Overall, there are upside risks to investment growth stemming from activity in construction space. As a positive, corporate investments are expanding in machinery and equipment plus computer systems segment. In the years ahead construction activity will remain rather buoyant with infrastructure spending on the rise and expansion in industrial capacity.

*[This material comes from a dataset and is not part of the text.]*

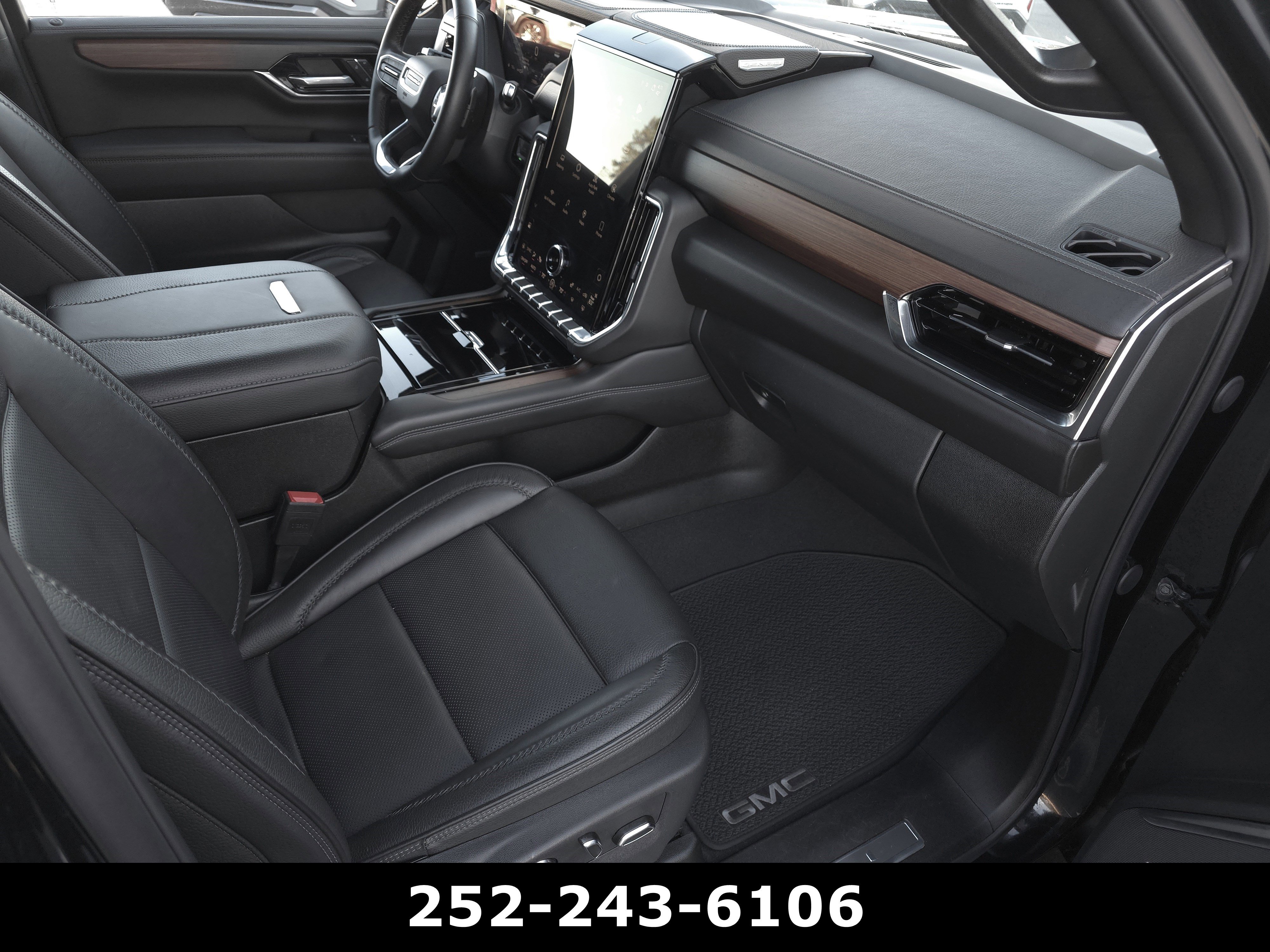 Used 2025 GMC Yukon Denali AWD/4WD image 53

Investments in export performance

Since increasing labour shortages will contain GDP growth, performance in the medium term will rest to a large degree on productivity-boosting measures like investments in human capital and technology. The manufacturing sector has the potential to enhance value added via product sophistication, technological advances and digitalisation. Prioritizing human capital development for the higher value added exporting sectors can constitute as one of the growth-enhancing structural measures. In the coming years, with strong domestic demand, avoiding overreliance on investments into domestic markets would benefit balance growth. The accelerating global economy provides ample opportunities for expansion of exports across markets and exports diversification. In a more technology driven digitalized world, it is the services exports which will increasingly play a dominant role in advanced countries including Estonia. Over the last 5 years services exports in current prices have expanded twice as fast as goods exports.